Now that our textures are updated, we can draw them to the screen, e.g. via libGDX's SpriteBatch:

batch.getProjectionMatrix().setToOrtho2D(0, 0, Gdx.graphics.getWidth(), Gdx.graphics.getHeight());
batch.begin();
batch.draw(colorTexture, 0, 0, Gdx.graphics.getWidth(), Gdx.graphics.getHeight());
batch.draw(depthTexture, 0, 0, 320, 240);
batch.end();

You can use StreamTextures like any other Texture!

Find out more about Raw Stream Capturing and Processing. View the full source code for this example!
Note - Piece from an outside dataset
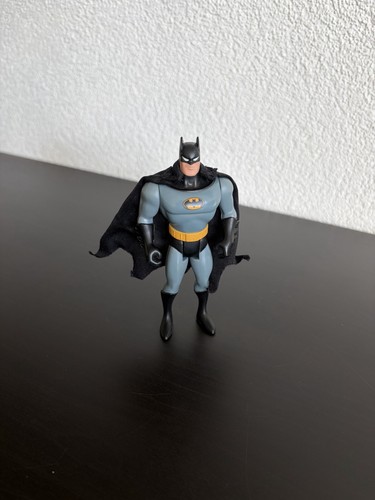 Batman tas serie - batman, animata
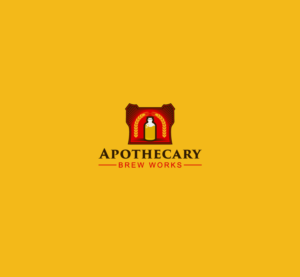 Logo Design by arcoalex for this project | Design #14534466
Hand Tracking and Gesture Recognition

Intel's RealSense SDK provides you with a set of sophisticated algorithms to detect and tracking hands, reconstruct full 3D hand skeletons and recognize a wide range of hand gestures. All of this functionality is encapsulated in the PXCHandModule which is managed by the sense manager.

Setting up the Hand Module

Setting up the hand module is rather simple:

senseManager = PXCSenseManager.CreateInstance();
... enable streams we want to capture ...
senseManager.EnableHand();
PXCHandModule handModule = senseManager.QueryHand();	
senseManager.Init();

In addition to enabling any streams, we also tell the sense manager to enable the hand module (PXCSenseManager#EnableHand). We get an instance of the hand module via a call to PXCSenseManager#QueryHand().
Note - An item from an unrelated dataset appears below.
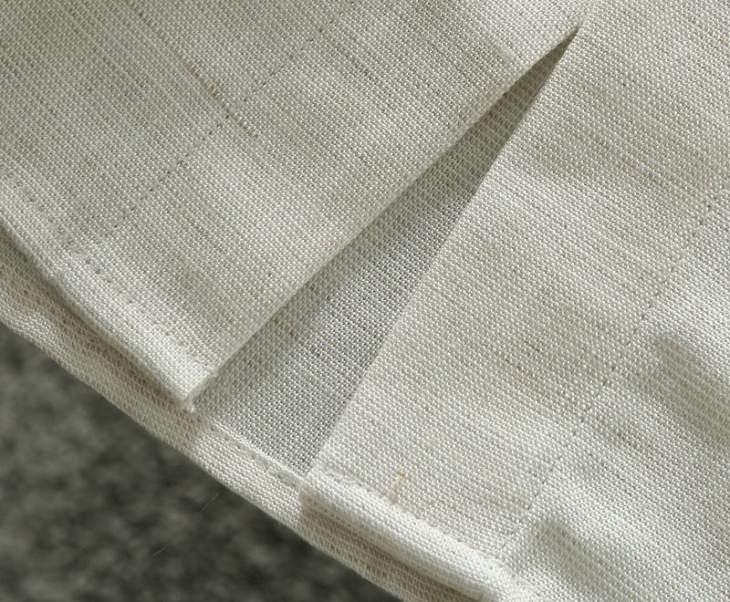Loro Piana Shirts Short _SKULoroPianaM-4XL26rr0628482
Next we need to configure the hand module:

handData = handModule.CreateOutput();
handConfig = handModule.CreateActiveConfiguration();
handConfig.EnableAllGestures();
handConfig.EnableAlert(AlertType.ALERT_HAND_DETECTED);
handConfig.EnableAlert(AlertType.ALERT_HAND_NOT_DETECTED);
handConfig.ApplyChanges();

The fist statement creates an instance of PXCHandData. Think of it as an analog to StreamTexture but for hand data (skeleton, gestures, etc.). Next we tell the SDK to enable the detection of all gestures. We also want to receive alerts when a hand is detected and when a hand is no longer detected. We apply the configuration via a call to PXCHandModule#ApplyChanges()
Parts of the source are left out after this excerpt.